What you should do if your relationship is only about sex
It can be really heartbreaking to realize that your relationship is just a sexual one. But there are some things you can do improve the situation. Here are just a couple of them:
Remind yourself that you are more than your sexuality
You are so much more than your sexual prowess. If a guy can’t see you for who you are, that doesn’t mean you can’t see yourself for all the wonderful things that you are.
A woman’s worth can be tightly wound up with what she does, instead of who she is. So, if a man only values you for sex, you may start to believe that you’re only worth your sexuality. And that can make you desperate to stay sensual and alluring.
But you are so much more than your sexual prowess. And even if this guy can’t see you for who you are, that doesn’t mean you can’t see yourself for all the wonderful, beautiful things that you are.
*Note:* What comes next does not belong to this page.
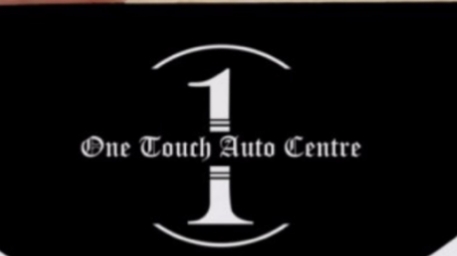 1 Touch Auto Centre | 1530 70 Ave NW, Edmonton, AB T6P 1P5, Canada | Phone: (780) 235-8478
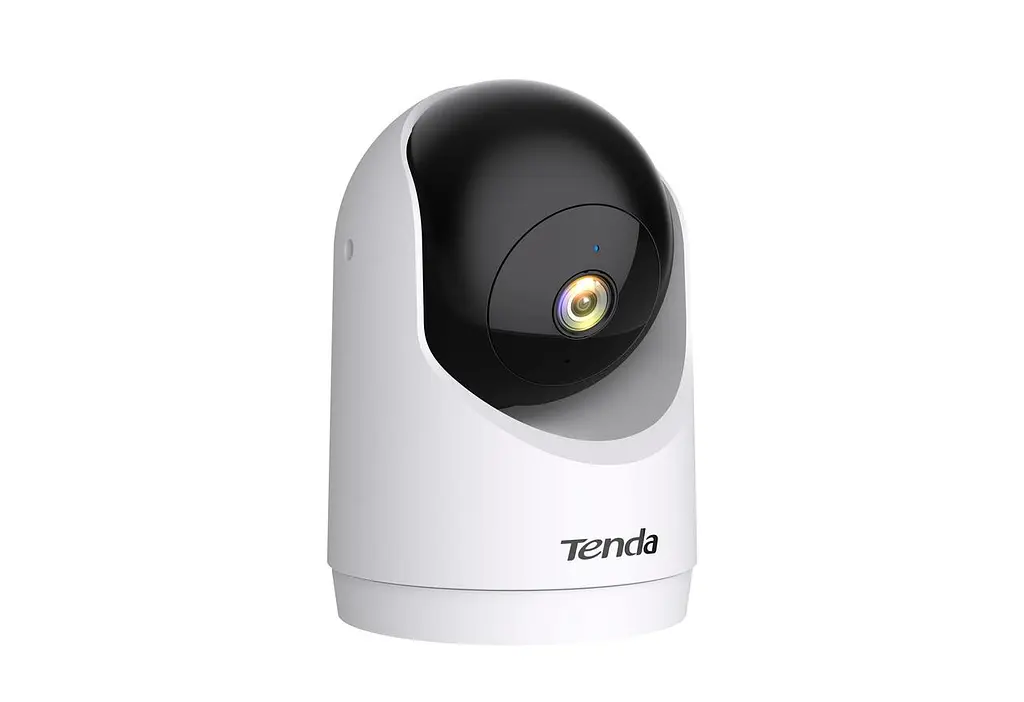 IP-камера Tenda CP3 V3.0 - фото 4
Communicate that you want to grow your relationship
You don’t have to be blunt and tell him you want less sex. Instead, you can tell him that you’re interested in growing in your relationship with him and want to get to know him better. This can be with fun dates and spending time with friends.
If he’s open to the suggestions, great! If not, don’t be afraid to end this relationship, especially if you want a more balanced one.
How to avoid a relationship that’s all about sex
At the onset of any romantic relationship, sex can be very exciting and almost magical. And it’s not unusual for it to be the most exciting thing going for both of you. But if, after the weeks pass, you notice those 11 signs we talked about, look at them as red flags warning you that your relationship is heading toward sex and only sex.
You can either communicate with him that you’re interested in more than just the sex, or you can let this relationship fade away so you can make room for a more well-rounded, balanced relationship, in which you feel loved, respected and appreciated for all your wonderful qualities, not just your sexuality.